Battisti, preso no Rio de Janeiro este fim de semana, foi condenado à prisão perpétua na Itália, em 1993. Ele é acusado de assassinatos durante a década de 70. Obteve asilo político na França durante o governo do presidente François Mitterrand. Antes de seu asilo ser cassado, ele fugiu. Estava refugiado no Brasil desde 2004.
A transferência de Battisti pela Polícia Federal para Brasília (DF) começou a ser organizada.
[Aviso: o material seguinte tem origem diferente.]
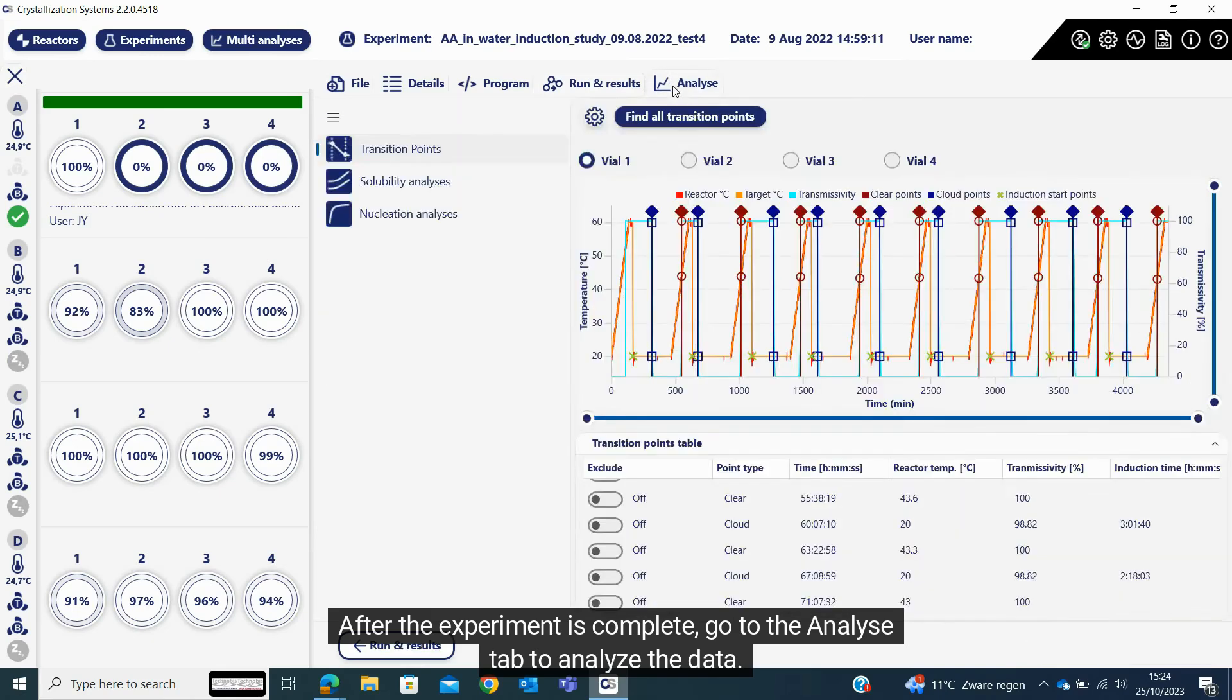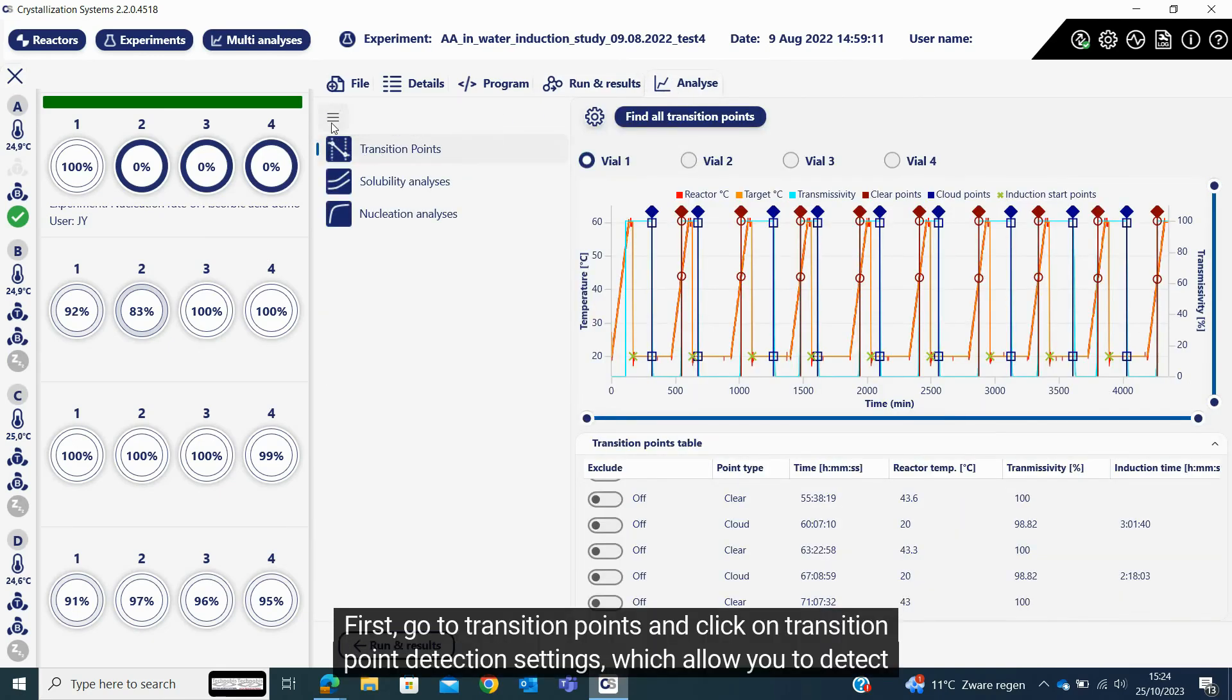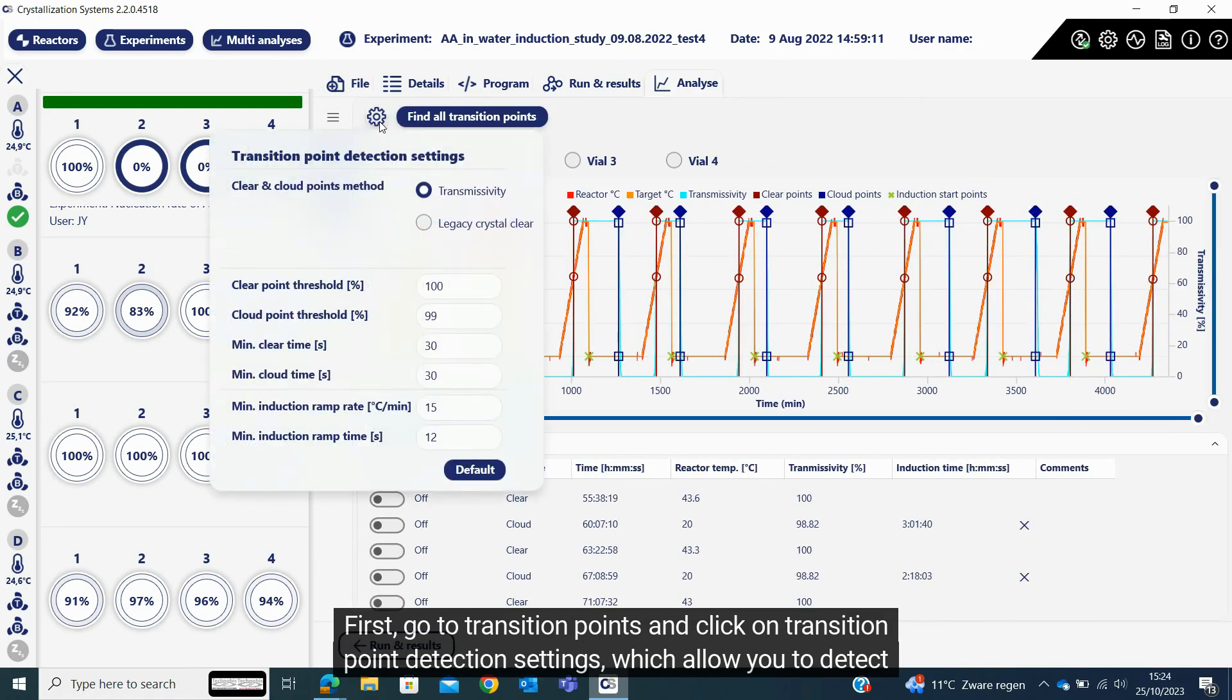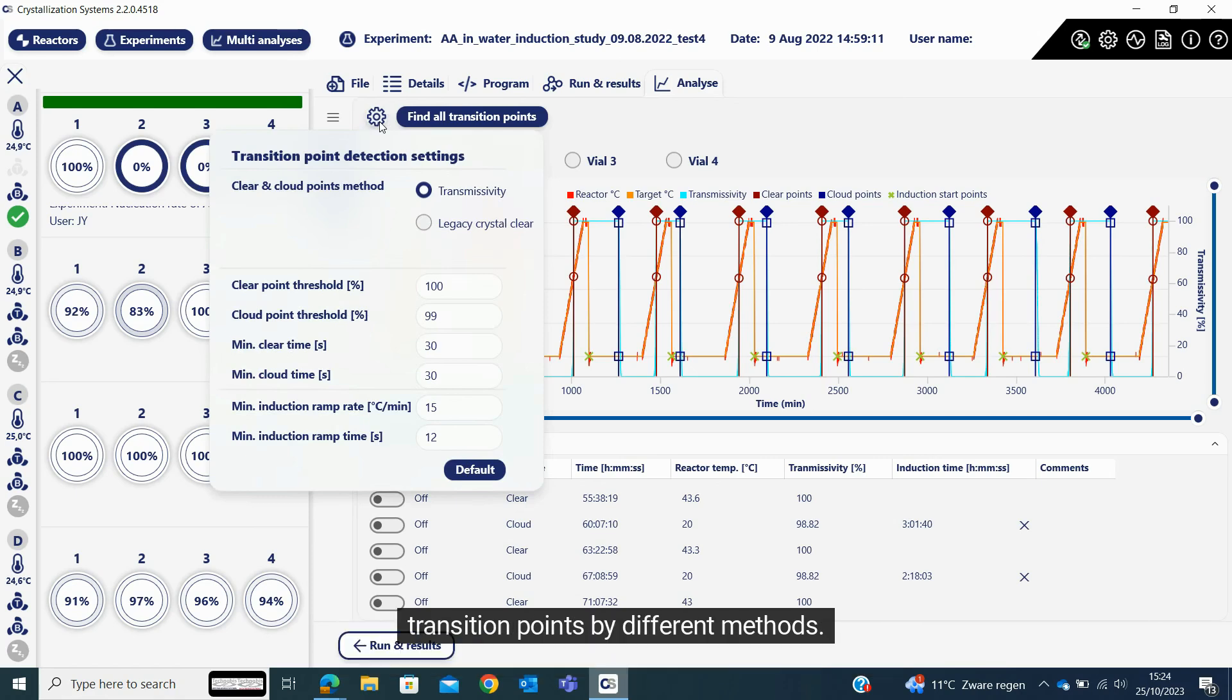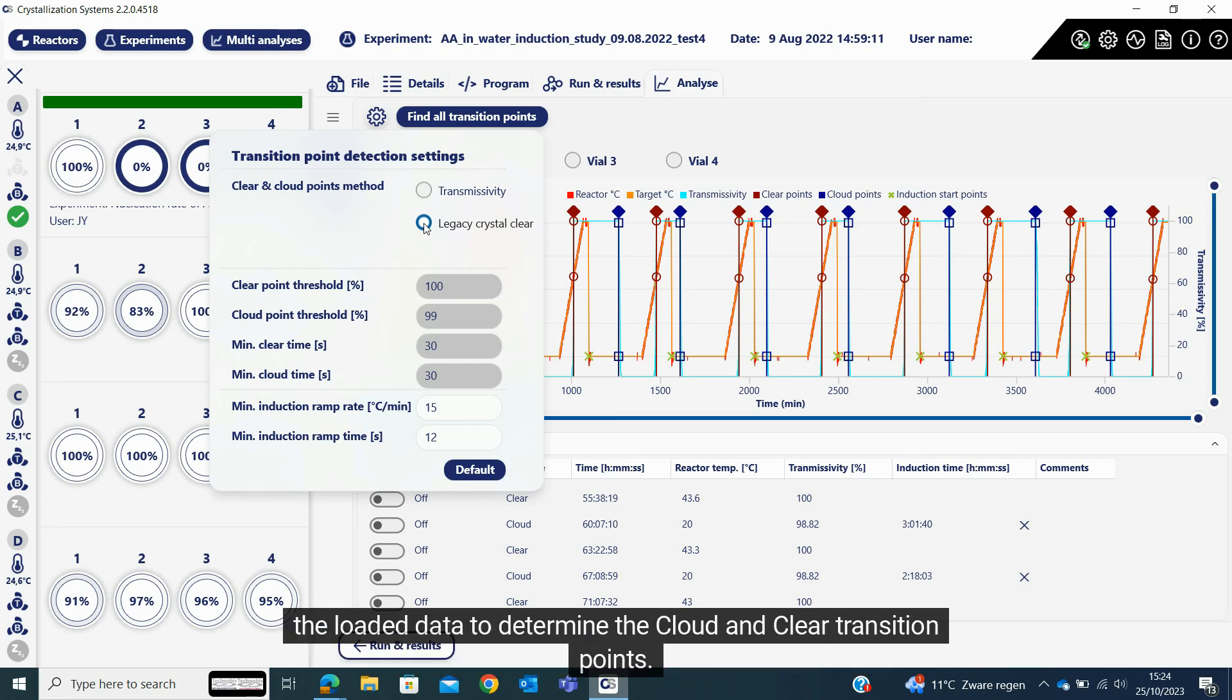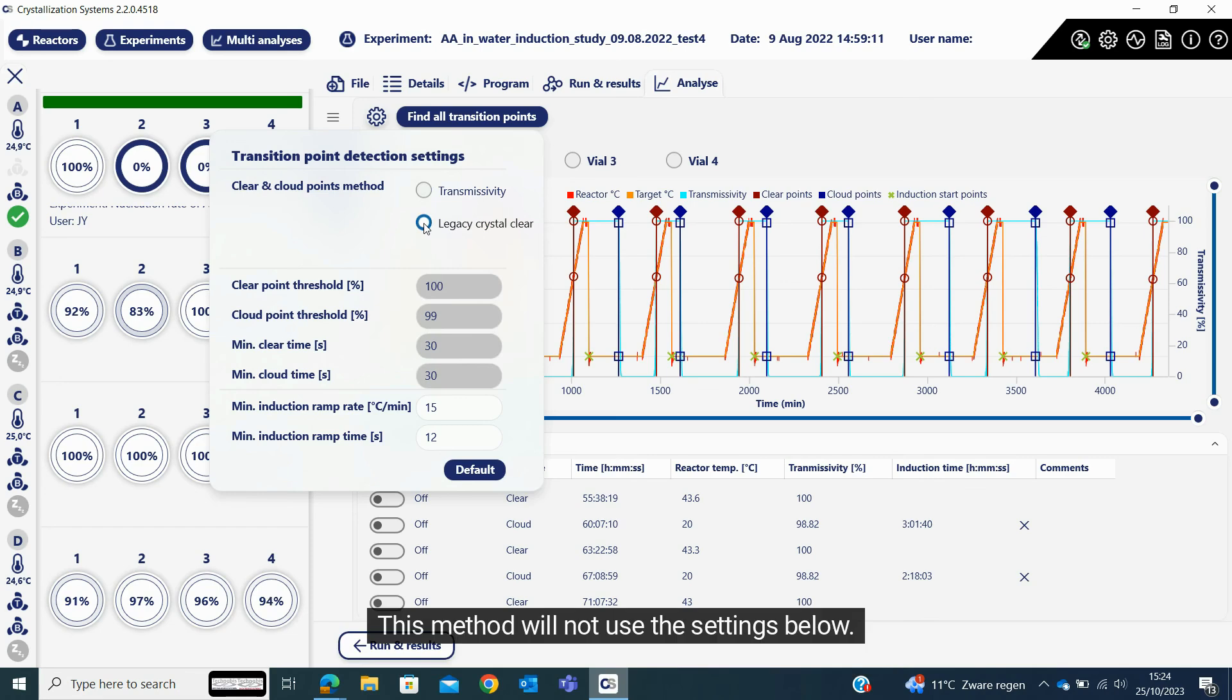After the experiment is complete, go to the analyze tab to analyze the data. First, go to transition points and click on transition point detection settings, which allow you to detect transition points by different methods. By selecting the legacy crystal clear method, the system immediately runs the built-in algorithm on the loaded data to determine the cloud and clear transition points. This method will not use the settings below.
A informação da assessoria de imprensa da entidade, no entanto, é que não há a autorização para divulgar detalhes sobre a operação por questões de segurança.
Integrantes da embaixada italiana em Brasília foram enviados ao Rio de Janeiro para acompanhar a operação.
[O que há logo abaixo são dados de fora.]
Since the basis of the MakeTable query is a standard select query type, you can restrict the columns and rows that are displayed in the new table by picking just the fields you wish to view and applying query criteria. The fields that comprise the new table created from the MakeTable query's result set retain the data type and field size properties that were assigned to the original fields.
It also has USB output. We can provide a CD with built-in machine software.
Gabeira afirmou que pretende se reunir com representantes dos Ministérios da Justiça e das Relações Exteriores, além de colegas da Câmara, para “examinar o que é possível fazer e não permitir que seja feita uma injustiça contra ele (Battisti)”.
Segundo a agência Ansa, o primeiro-ministro da Itália, Romano Prodi, expressou no domingo (18/3) sua “satisfação pela brilhante operação” que permitiu a detenção no Brasil do ex-militante de extrema esquerda Cesare Battisti.
Prodi pediu ao titular de Interior da Itália, Giuliano Amato, que transmitisse suas felicitações “às forças da ordem italianas, que, com as brasileiras e francesas”, realizaram a operação que levou à detenção de Battisti, segundo um comunicado do governo.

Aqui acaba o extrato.